Oh, and don't forget the ubiquitous Minions (Bonus: an original comic nigh Muslim Minions):

These could merely have been created by Muslims who have been deeply immersed in Western civilization and still hold strong to their faith. They are literate in both the language and expectations of their religion and the famous people and characters that surround them.

They alter the world to suit themselves. More than conservative Muslims who believe in the traditional Islamic way of life tend to avoid the influences of western culture, but those in bear upon with Western civilisation have the inventiveness to imagine how both can work together in harmony. With just a tweak in Photoshop, they can convert the entire cast of Furious 7 or edit Aladdin and Jasmine's loving relationship into a halal ane. These ii worlds might be at odds with each other, but they can just brand it work.

Double Violation

But does it work? The audition for these memes is a cross-section of people who care about beingness practiced Muslims but also appreciate popular civilization. If yous stand on any side of that demographic, they might feel very strange to you. If you're more of a conservative Muslim you might discover crime to associating Islam with these otherwise problematic references. You can pretend Leo DiCaprio is Muslim, but tin you really forget his functioning in The Wolf of Wall Street? If you're non very religious or not-Muslim, it all just seems similar a perverse appropriation of pop culture to fit the Islamic platonic. Is it okay to draw a hijab over a Disney princess? On either side something just doesn't seem right.

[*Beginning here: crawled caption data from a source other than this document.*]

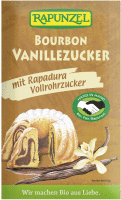 Artikelbild: Vanillezucker Bourbon mit Rapadura HIH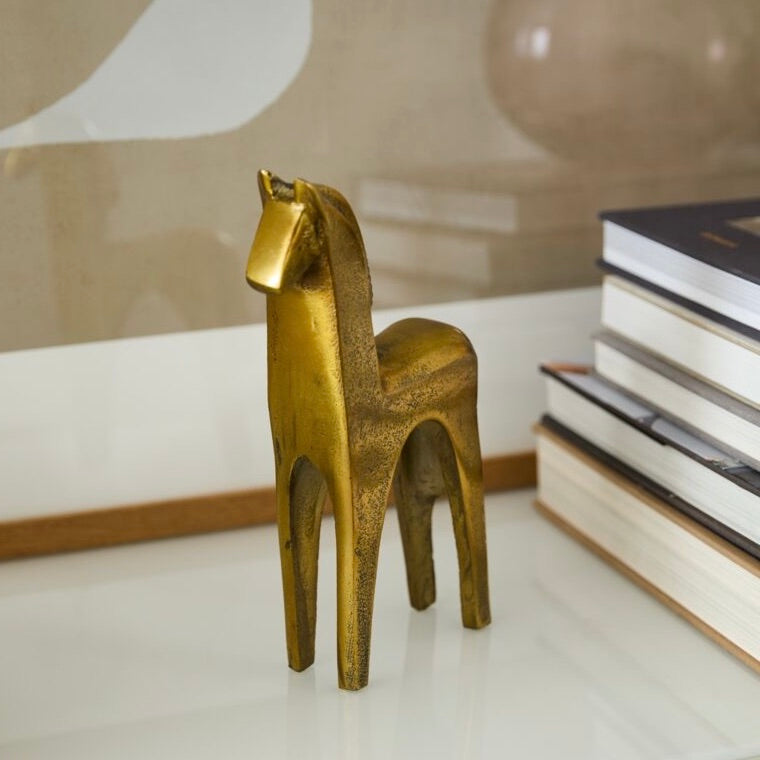 Arabian Horse Statue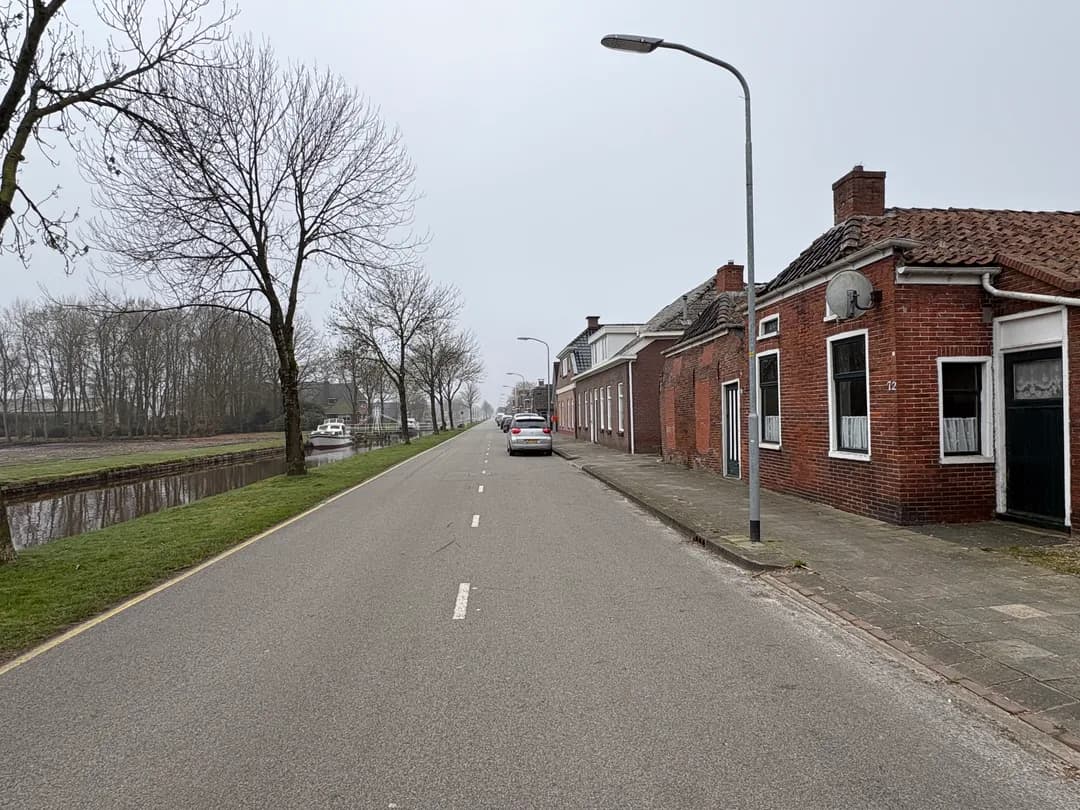 Kluswoning J. Kammingastraat 72 in Wildervank, huidige staat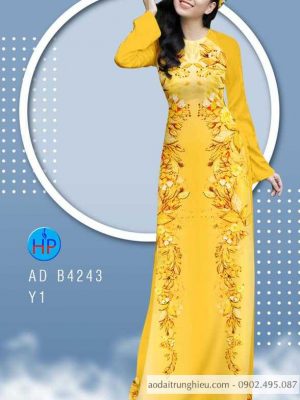 Vải áo dài Hoa dây kiểu mới AD B4243 23 1584156246 905 Vai ao dai Hoa day kieu moi AD B4243
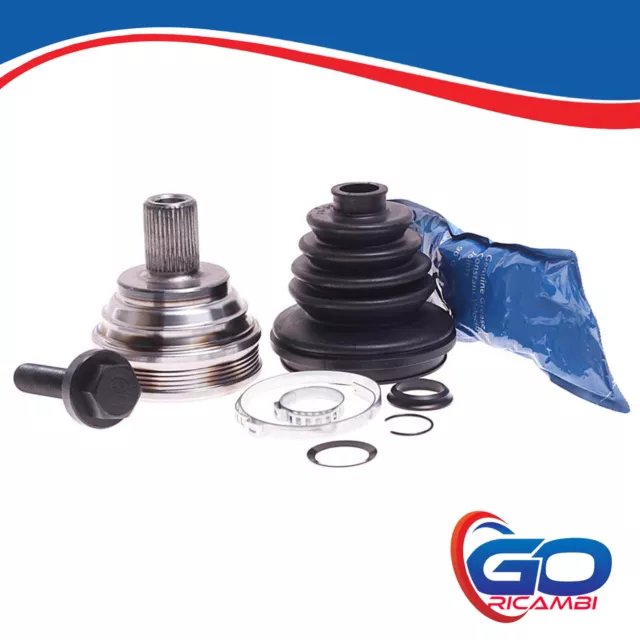 Kit Giunto Omocinetico Lato Ruota Audi A3 (8P1) 2.0 Tdi 103 Kw 140Cv Dal 2003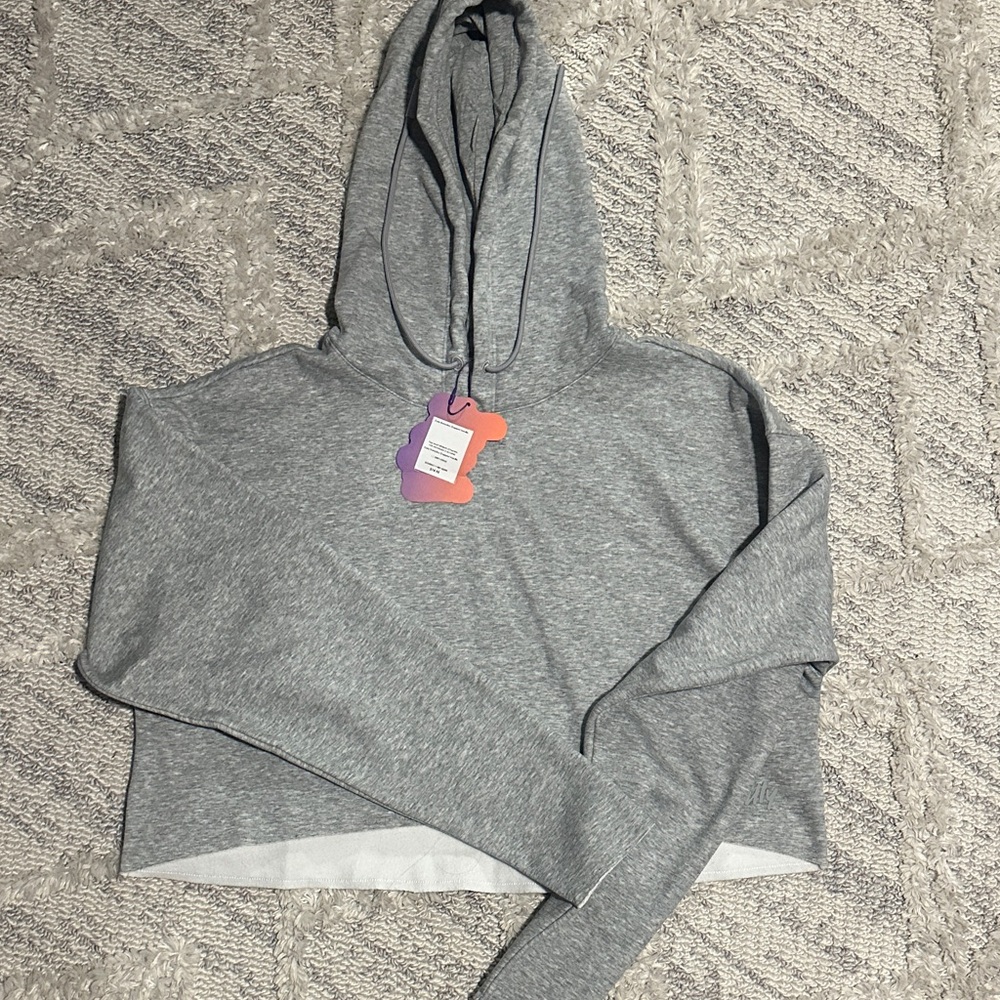 Fabletics Heather Gray Women's Hoodie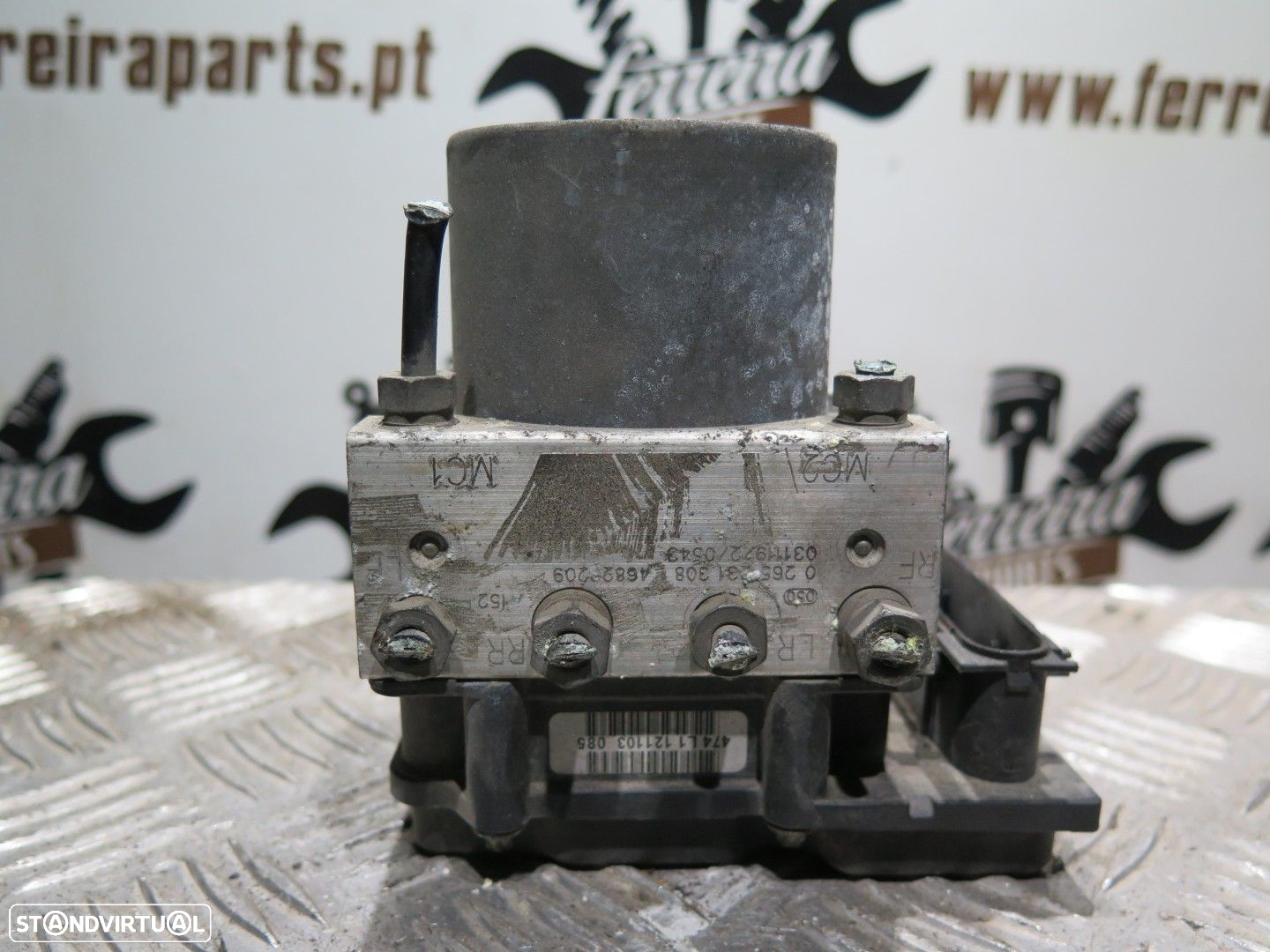 Modulo ABS Fiat Idea REF: 0265800304 - 3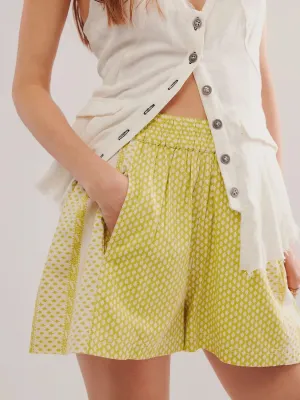 Elastic Waist Shorts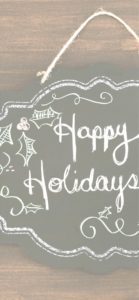 クリスマスのメッセージボード1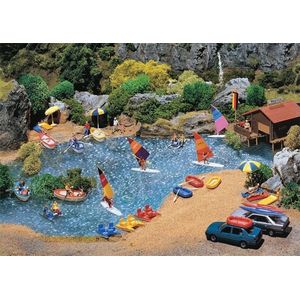 Faller - Boten en surfplanken - modelbouwsets, hobbybouwspeelgoed voor kinderen, modelverf en accessoires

The benign violation theory may explicate why information technology feels then uncanny. To reiterate the theory, for a state of affairs to exist humorous, it must be benign and violate expectations. The higher up memes certainly violate the expectation that pop culture and Islam don't or shouldn't mix together. But are they benign? If you lot're not a member of that small-scale demographic you might be able to empathize with them anyhow and notice the humor. Only you might also sympathize with the other side of that demographic and find information technology an barb to religion and pop culture. It feels like a double violation.

And that's okay

This subsection of the Muslim customs is in a unique position of cultural dissonance. A peachy example is the 2d-generation immigrants in American Muslim communities. In Children of Clearing, Carola Suárez-Orozco and Marcelo Suárez-Orozco describe the three unlike types of social identities that immigrant children adopt:

…"ethnic flight" (abandoning their ain ethnic grouping and mimicking the dominant group), "adversarial identities" (constructing identity in opposition to the mainstream civilization and its institutions), and "transcultural [bicultural] identities" (developing competence to role in both cultures).

These detail Muslim immigrants likely find themselves falling into the latter category with "transcultural identities." Information technology's non an easy matter to deal with, as both cultural identities volition inevitably disharmonism with one another. These weird memes are just a symptom of that. They say "I'm hip enough to hang out with, but give me a sec I gotta pray Asr first."

That isn't to say that Muslim-Americans are the just affected group. Western culture is omnipresent throughout the earth, and Muslim countries are no exception.

The Muslim community hasn't been the well-nigh fortunate when it comes to its public image in the media. These memes reveal a more humorous side of young Muslims that many non-Muslims may non have always seen before. They show that cultural barriers are much more than fluid than nosotros think they are, and that the Internet can bring together Muslims but likewise equally Facebook moms.

Perhaps the initial uncanny feeling nosotros get is just a gut realization that Muslims are as similar to not-Muslims equally they are dissimilar.